A peça em pauta tinha como título “Itanhy – A Morte Antes da Alma” e a sinopse disposta num caderno promocional a que tive acesso descrevia a mesma da seguinte forma: “a peça, de temática universal, tem ambiência local, ao retratar também a luta entre as forças políticas transpostas do campo para a cidade, que te, no bairro Siqueira Campos, em Aracaju, a concentração da classe e da luta operária”. Eu sei: prejudica muito mais do que incita, mas sentei-me na platéia disposto a aceitar de bom tom o que viesse. Meu coração estava aberto: não queria me predispor enquanto crítico rabugento de província!

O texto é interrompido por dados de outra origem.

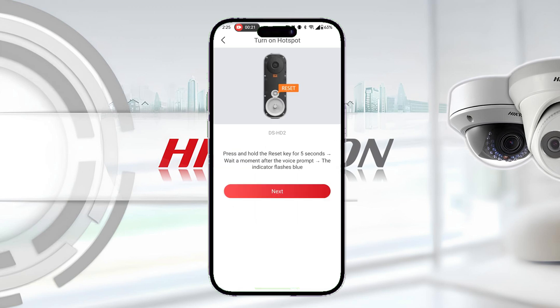You will then be prompted to hold down the reset button on the doorbell for 5 seconds. You will know it is successful when the voice prompt says Reset Successful.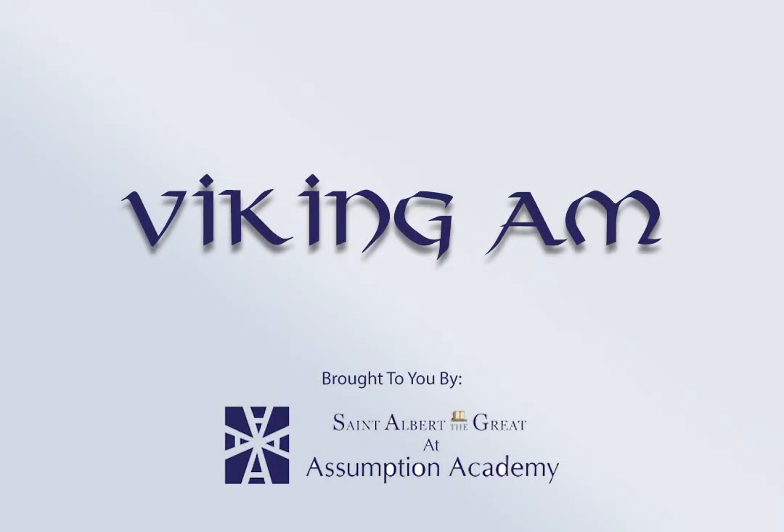That ends our broadcast for today. I'm Mrs. Schreiner. This is Penny Schreiner. And that's Viking AM. Make it a great day, everyone. Bye-bye.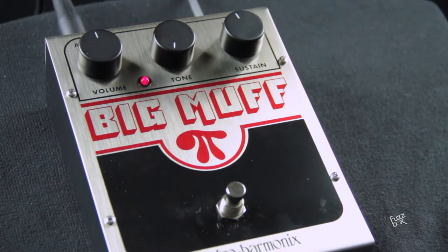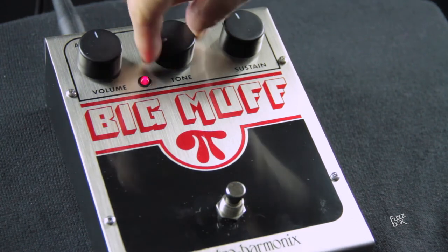Let's try first the versatility of the tone, from the bass very intense to the left, to the treble very high to the right.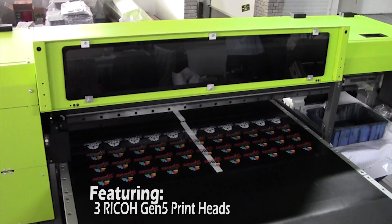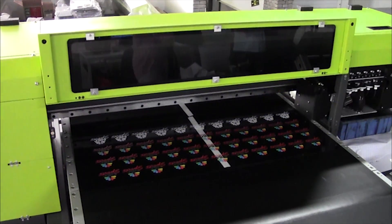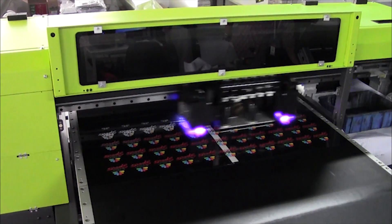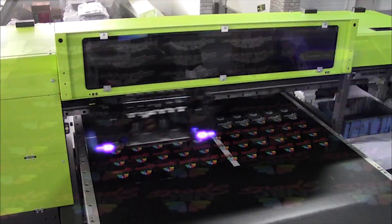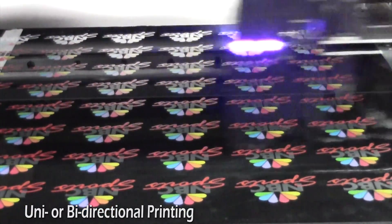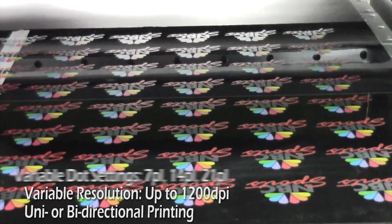Featuring three Ricoh Gen 5 printheads, the latest in printhead technology, with an optional fourth printhead for jettable varnish. An enormous 31.5 by 23.5 inch print area with a 10 inch vertical height adjust. High-speed uni or bi-directional printing with variable resolution settings up to 1200 dpi and variable dot settings.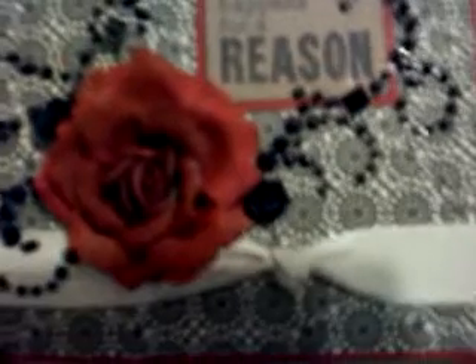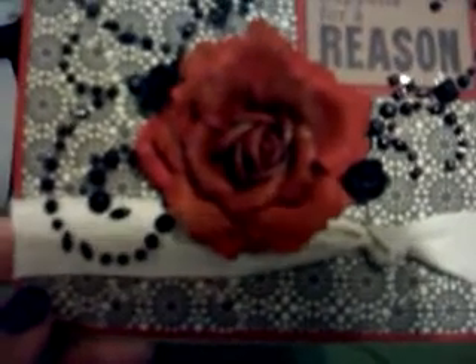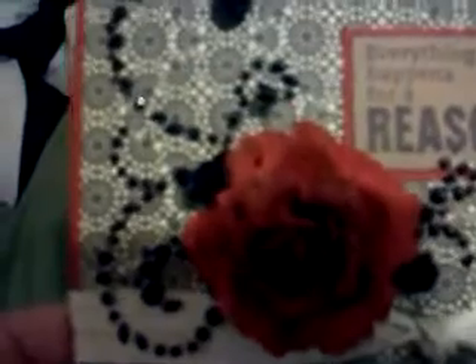I added this canvas bow-looking thing, which I sent through my Zyron to make it stick down. And this is a Prima flower that I Glimmer Misted because it was more of a maroon color, and now it's more like a deep red color. It matches a little bit better with the paper.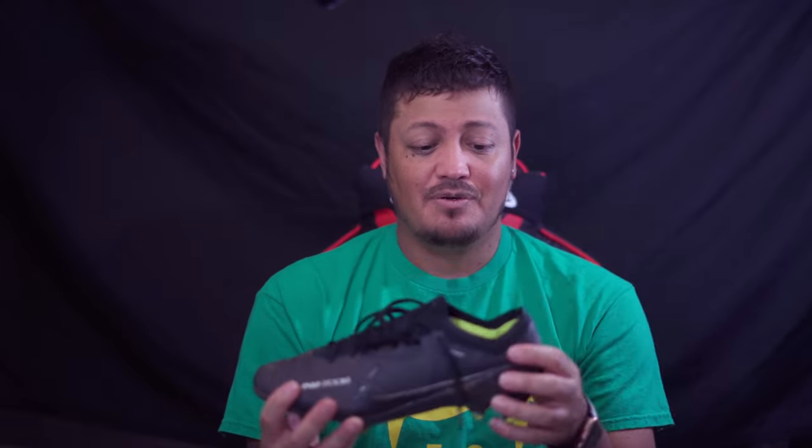My quick thoughts: if you want a more narrow Mercurial, more padding, and don't mind not sitting low to the field — not that barefoot feel — I'd say wait on getting these. Or if you really want to try them, order through Nike because they give you 60 days to try the product. If you don't like them for any reason, you can return them.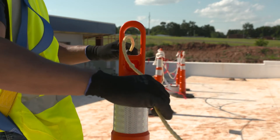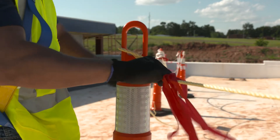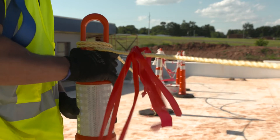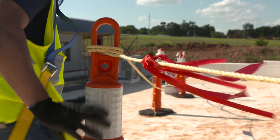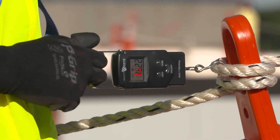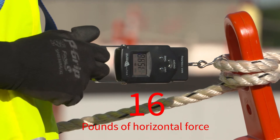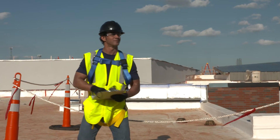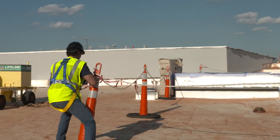The lines on a stanchion should not be loose. A knot or double looping will keep the line from moving freely. Adjust your stanchions to keep the lines taut. After rigging the warning lines, they must be able to resist at least 16 pounds of horizontal applied force without tipping over. In other words, if you accidentally run into the line, it should warn you and keep you in the work area.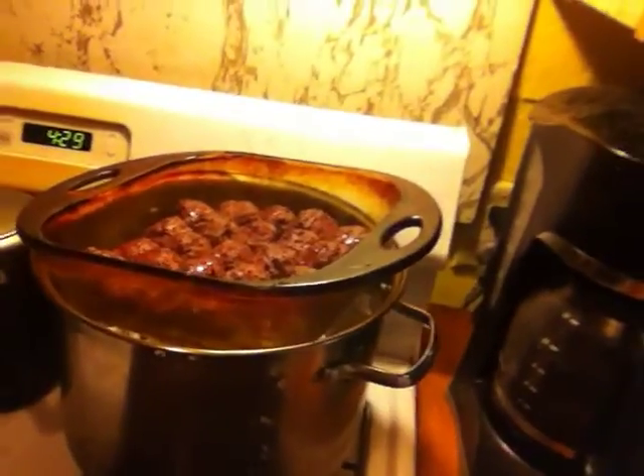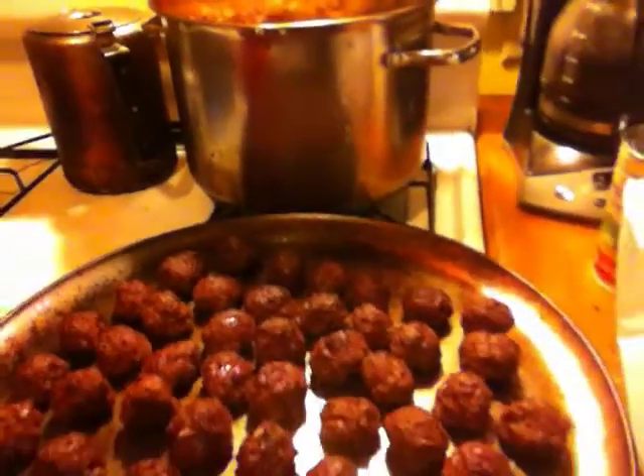Alright, here we go — final product. There we are. Goose meatballs. Good stuff. Thanks for watching. Bye-bye.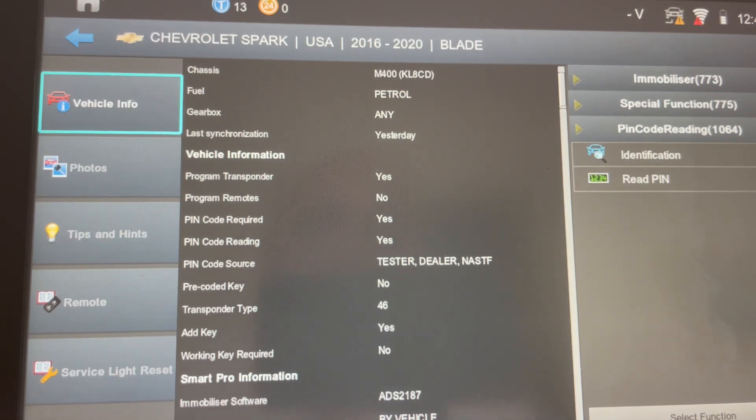Welcome ladies and gentlemen, this is Cliff from Advanced Diagnostics. Today I have an ideal method of programming that I want to share with you on the GMs, because on these late model vehicles — for example, the one you see on the screen, the Chevrolet Spark USA 2016 and 2020 — with a bladed ignition, you'll read the pin code, go in, add your key or erase and put in the required amount of keys depending on the model year. But you sometimes will end up with a solid security light, even though the vehicle runs and everything's been closed out.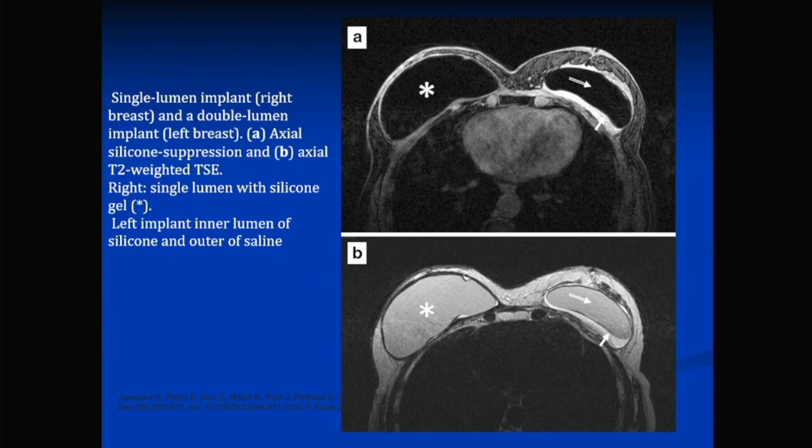To show what a single implant looks like: you can see a single implant clearly on MRI. There are silicone-suppressed images where you suppress the silicone so it appears dark. In one breast you can see a silicone implant with saline around it — a double lumen implant — and you can actually see the difference between the right and left on this MRI image.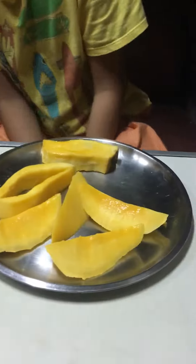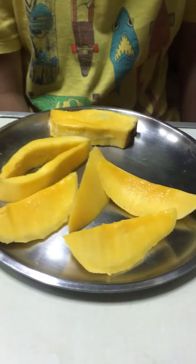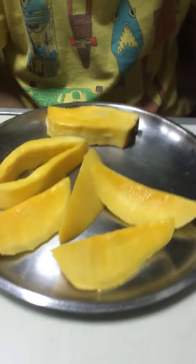We cut the Neelon mango now. This is what it looks like on the inside — very yellow, as you can see, but also a little bit soft on some spots because it ripened.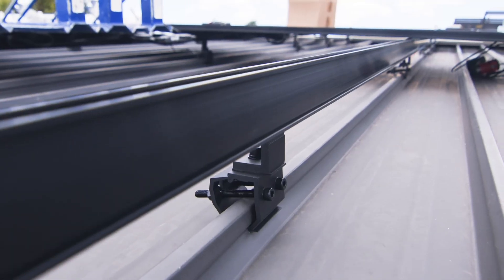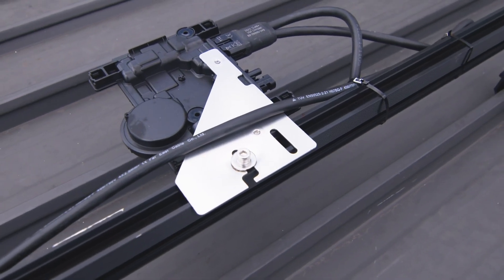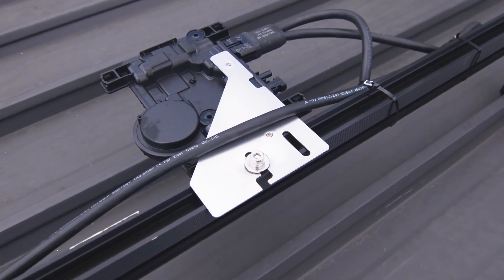These brackets attach to the rail, and we've got the microinverters which attach to that. This is the Enphase IQ8 microinverter, so we can monitor every panel individually.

Por não ser um conhecedor profundo de teatro, antecipo-me em dizer que não assisti às demais peças do autor Hunald Fontes de Alencar (“Castrum” e “Cárcere de Outono”), com as quais não apenas a sinopse diz que “Itanhy – A Morte Antes da Alma” forma uma espécie de trilogia como também foi graças a ela que uma amiga apressou-se em externar decepção que o que vira imediatamente após o encerramento do espetáculo: segundo ela, os trabalhos prévios do autor são muitíssimo superiores. Eu não os conheço, ater-me-ei ao que vi nesta noite de sábado:

No palco, composto basicamente por paredes pretas e alguns caixotes de madeira com funções objetais diversas, três atores revezavam-se em diversos papéis: Paula Auday, que interpreta uma mãe de família com carregado sotaque nordestino e uma professora de piano vinda do interior; Kassem, que vivifica o filho de um grande industrial/empresário, um pai de família comunista e um torturador encapuzado; e Allan Jones Mariano, também responsável pela trilha sonora, que representa um único personagem, mas em diversas etapas cronológicas. Na trama, o filho de um proletário desenvolve uma amizade tendente à dissolução classista com o filho de seu patrão. Ambos costumam estudar juntos: enquanto um é habilitado em literatura, o outro é perito em matemática. Um quer ser artista, o outro ganhar dinheiro. Ambos concordam que os poemas são bons “para comer as menininhas”, mas, com o passar do tempo, apaixonar-se-ão pela mesma mulher. E pugnarão fatalmente, não apenas por isso, mas por causa de suas divergências políticas irreconciliáveis: um quer pagar o outro para escrever os seus discursos hipócritas. O outro acredita que “toda arte é marginal e, quando deixa de ser, torna-se as fezes que vocês comem!”, grita, referindo-se aos aliados administrativos e coronelistas de seu ex-amigo. O martírio enquanto categoria geral do “mártir que morre a tiro” torna-se uma certeza. E, de fato, a peça termina com a iminência de um disparo anticlimático de revólver...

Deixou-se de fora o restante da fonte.